Accuracy was important and Salma’s team liased with other architects and members of the public, who had knowledge of Iversen’s buildings. Ruth expressed her gratitude and said she was lucky to have kind people “interested enough to help me”. “We got there in the end!” she added with relief.
The young Iversen loved drawing and enrolled at the Royal Academy in Copenhagen, to study architecture. In 1928, his older brother, Werner, who was a planter in Malaya, enticed Iversen to join him in the Far East.
Eight years later, having established his own firm, ‘Iversen, van Smitteren & Partners’, Iversen built government buildings, hospitals, schools, radio stations, churches and private homes, both in Malaya and Singapore. It was said that to own an Iversen home, showed that one had made one’s way in the world.
Iversen supervised the building of many famous landmarks like the Chinese Assembly Hall in Kuala Lumpur, the grandstand at the Ipoh race course, the Capital Cinema in Singapore, and the Grand Hotel, Mercantile Bank and the Lam Looking Bazaar in Ipoh.
His firm was responsible for many buildings, including the Ipoh Swimming Club, the MCA building, the Lido cinema and the Geological Survey building in Ipoh. In Kuala Lumpur, the Loke Yew building is an Iversen creation whilst in Penang, he built the Chinese Swimming Club and many private homes.
Malaysians are only too aware that in towns and cities, greedy landlords, ignorant town planners and unscrupulous officials and developers have earmarked land, with many buildings, of important heritage and historical value. The buildings are bulldozed, to make way for more lucrative projects. Ipoh is not spared.
Ruth once expressed alarm that many Iversen buildings have been destroyed. She said, “Cinemas are being demolished. Houses pulled down. They are not big and pompous enough for the present generation. Developers can fill the sites with many smaller homes or ghastly condominiums, and make money!”
Iversen spent 40 years in Malaya, apart from during World War II. After the war, he returned to help rebuild the country. One social observer commented that Iversen “formed the building blocks of the newly emergent nation.”
“Fortunately, many of his buildings are still around, and the people who talk about him do so with respect and fondness,” adds Ruth.
On a visit to the National Archives in KL, Ruth was surprised to discover that Iversen was “unknown”. In 2012, she expressed regret that she had been unsuccessful in persuading Ipoh’s town planners to find old plans, and confirm which buildings had been recognised as Iversen’s.
Ruth, who was born in Batu Gajah, remembers that as a little girl, her father would take her for a spin, in their Humber Super Snipe, and as they drove around town looking at his buildings, give her architecture lessons. She said, “It was my joy and pleasure to learn from him. He cultivated my interest and love for good architecture and construction.”

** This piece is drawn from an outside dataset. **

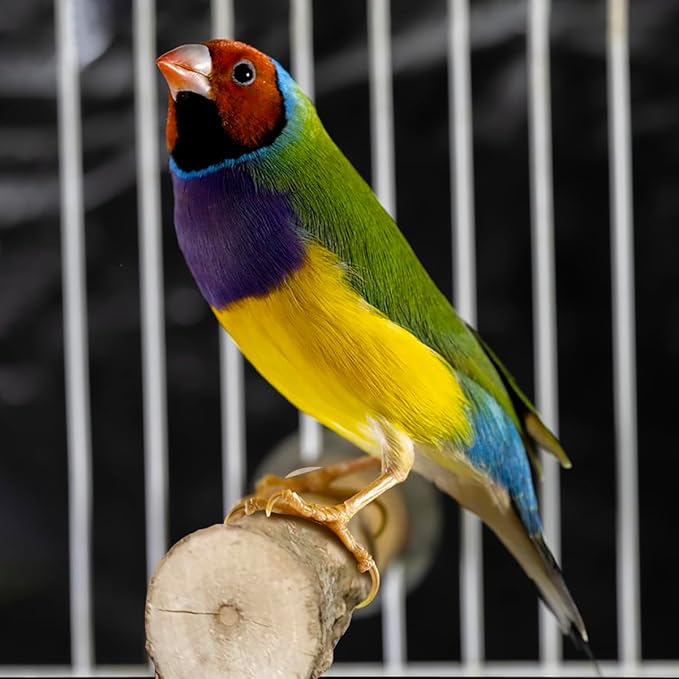 4 Pcs Natural Wooden Bird Perch Parrot Stand, 2 Grape Wood Perches, A Stand Fork Standing Branch, A Paw Grinding Fork, Bird Cage Accessories for Parakeets, Birdcage Sticks & Toys for Budgies, Finches-PurrikoPets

On his retirement in 1966, Iversen hired a car and drove around Malaysia, to bid farewell to his “adopted” country.
Iversen’s rich treasure of letters and thousands of photographs chronicling his work in Malaya, are preserved at the Royal Library in Copenhagen. His work and that of other contemporary architects, in Malaya, is of immense social, architectural and historical importance.
In 1954, the British High Commissioner Donald MacGillvray, officially opened an Iversen prize-winning design, the Federal House, in Kuala Lumpur. Federal House had originally been destined to become the Post Office Savings bank.
Sixty years later, another British High Commissioner to Malaysia, Victoria Treadell née Jantz, who like Ruth, was brought up in Ipoh, will host the KL launch of Ruth’s book, Iversen: Architect of Ipoh and Modern Malaya .
Ruth said, “That is wonderful! Vicki’s the little girl I have known for so long, who will honour my father!”
When asked what his reaction would be, if her father were alive today, she said, “He would be so happy and proud of me. I love him so much and I have felt that he has been standing behind me all the time and told me: ‘Thank you’!”
“The book is dedicated to his five grandchildren – he was the world’s best father and grandfather!”